Items listed in a dataset:
╔══

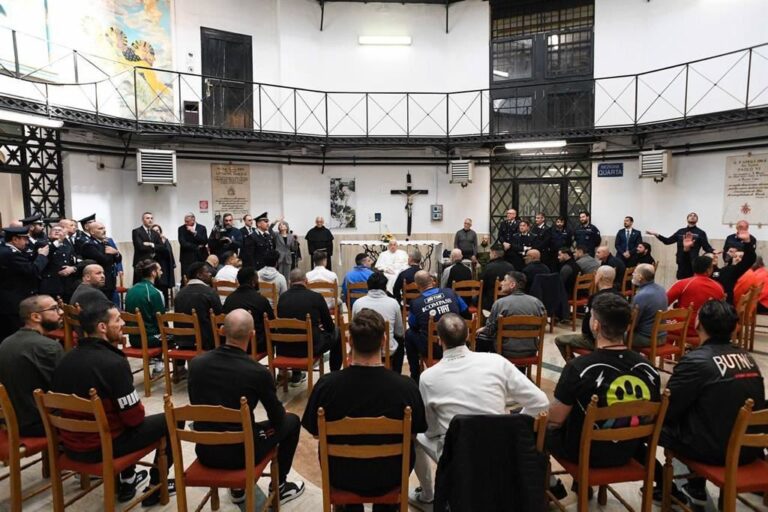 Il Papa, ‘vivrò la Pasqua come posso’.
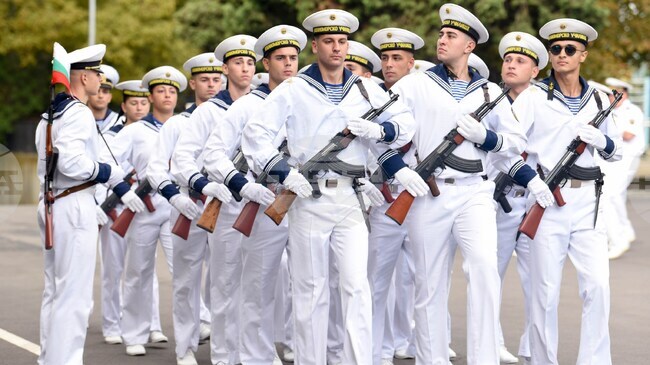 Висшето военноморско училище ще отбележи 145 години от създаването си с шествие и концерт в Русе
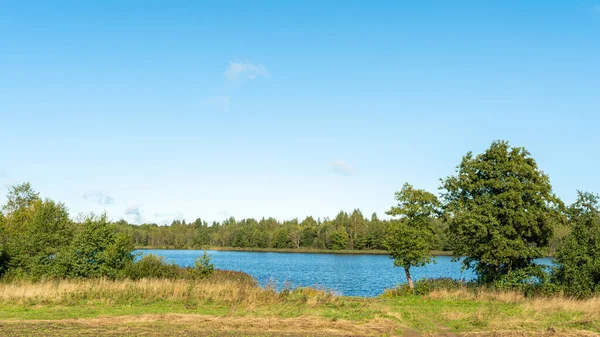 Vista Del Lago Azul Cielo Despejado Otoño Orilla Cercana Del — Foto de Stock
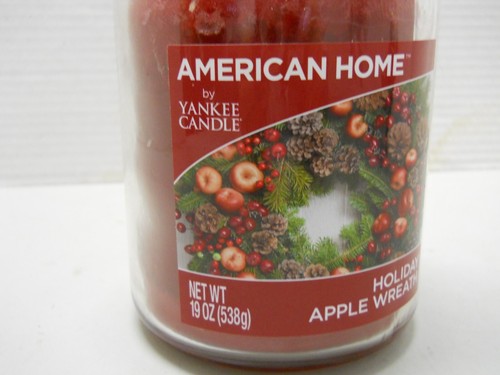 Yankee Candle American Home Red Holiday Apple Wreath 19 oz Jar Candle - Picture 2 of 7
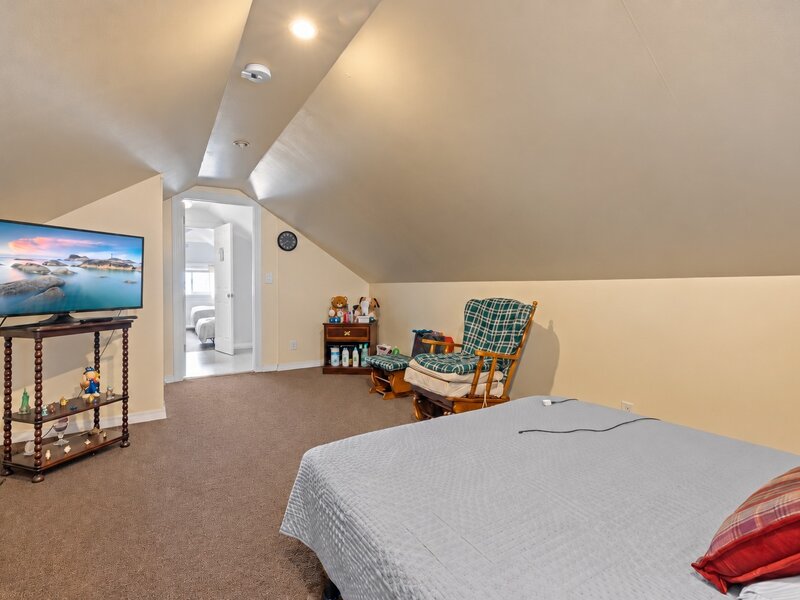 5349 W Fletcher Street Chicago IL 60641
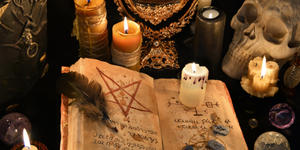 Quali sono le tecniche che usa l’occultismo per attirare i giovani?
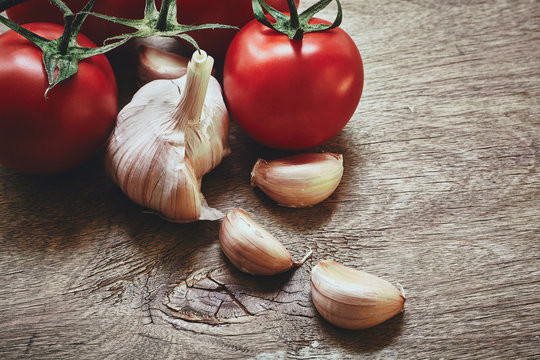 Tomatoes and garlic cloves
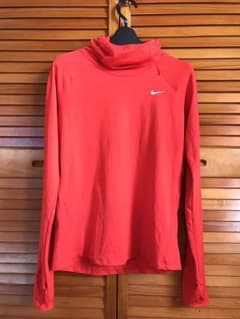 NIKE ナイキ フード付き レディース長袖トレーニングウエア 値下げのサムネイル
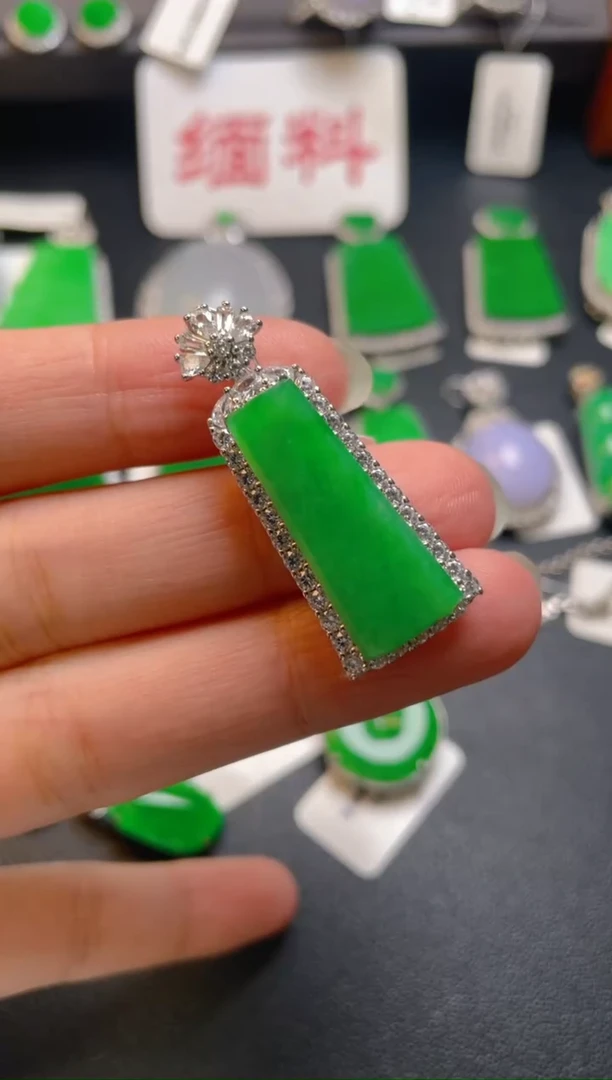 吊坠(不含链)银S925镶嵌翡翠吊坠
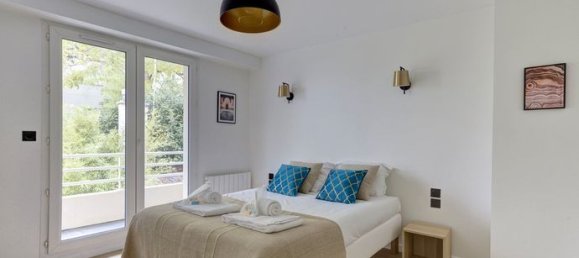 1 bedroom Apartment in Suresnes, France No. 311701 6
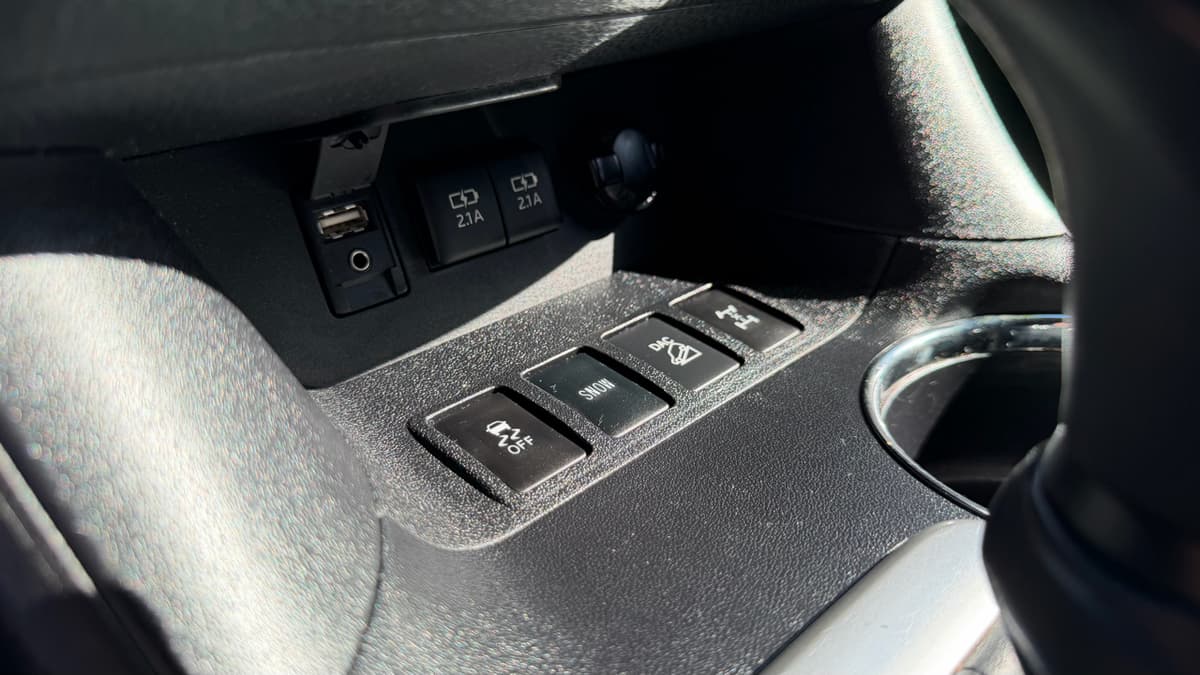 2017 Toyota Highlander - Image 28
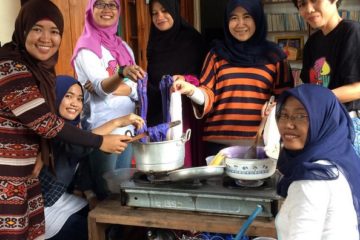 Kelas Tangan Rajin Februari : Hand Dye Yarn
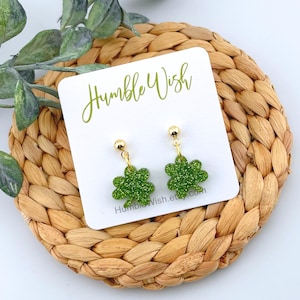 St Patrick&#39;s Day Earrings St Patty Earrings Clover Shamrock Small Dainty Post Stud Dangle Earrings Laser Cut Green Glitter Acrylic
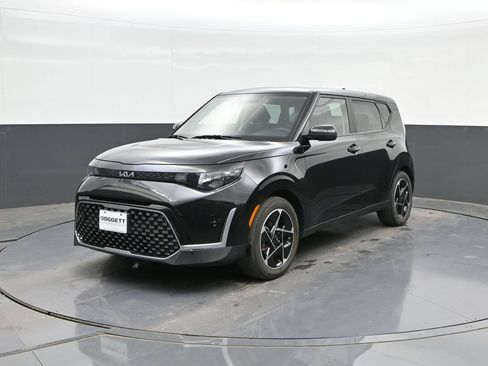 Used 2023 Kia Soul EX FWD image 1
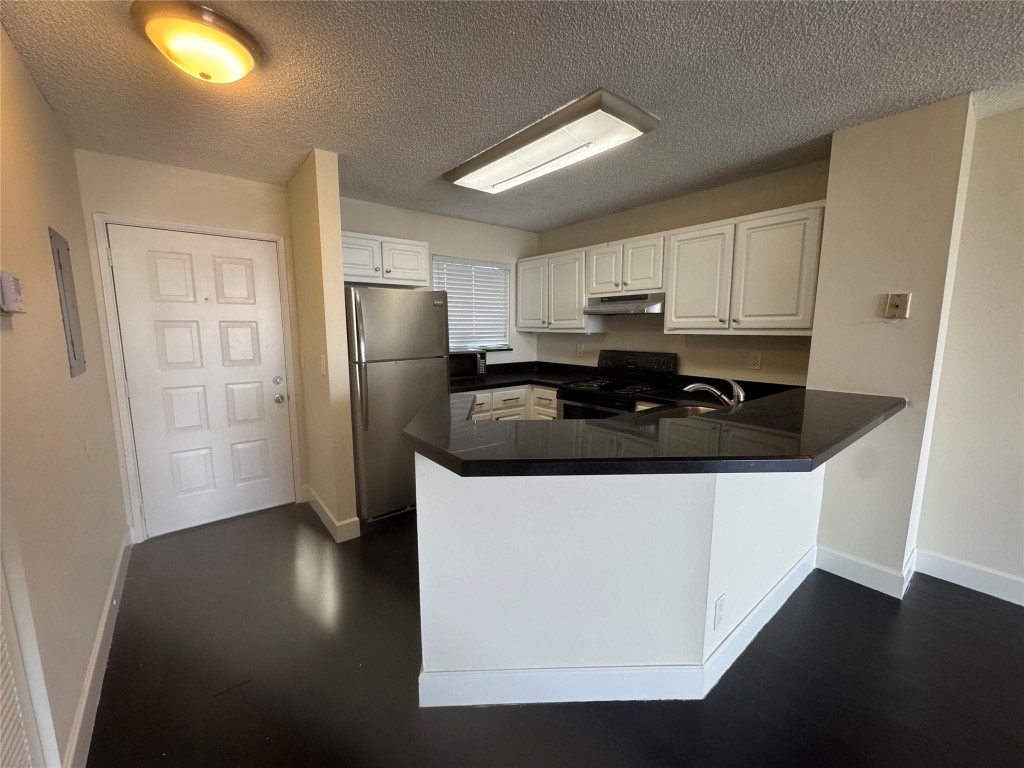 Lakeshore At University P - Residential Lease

╚══

Exercise directions:
Please repeat every record exactly as it stands, leaving out any pictures.

Task output:
 Il Papa, ‘vivrò la Pasqua come posso’.
 Висшето военноморско училище ще отбележи 145 години от създаването си с шествие и концерт в Русе
 Vista Del Lago Azul Cielo Despejado Otoño Orilla Cercana Del — Foto de Stock
 Yankee Candle American Home Red Holiday Apple Wreath 19 oz Jar Candle - Picture 2 of 7
 5349 W Fletcher Street Chicago IL 60641
 Quali sono le tecniche che usa l’occultismo per attirare i giovani?
 Tomatoes and garlic cloves
 NIKE ナイキ フード付き レディース長袖トレーニングウエア 値下げのサムネイル
 吊坠(不含链)银S925镶嵌翡翠吊坠
 1 bedroom Apartment in Suresnes, France No. 311701 6
 2017 Toyota Highlander - Image 28
 Kelas Tangan Rajin Februari : Hand Dye Yarn
 St Patrick&#39;s Day Earrings St Patty Earrings Clover Shamrock Small Dainty Post Stud Dangle Earrings Laser Cut Green Glitter Acrylic
 Used 2023 Kia Soul EX FWD image 1
 Lakeshore At University P - Residential Lease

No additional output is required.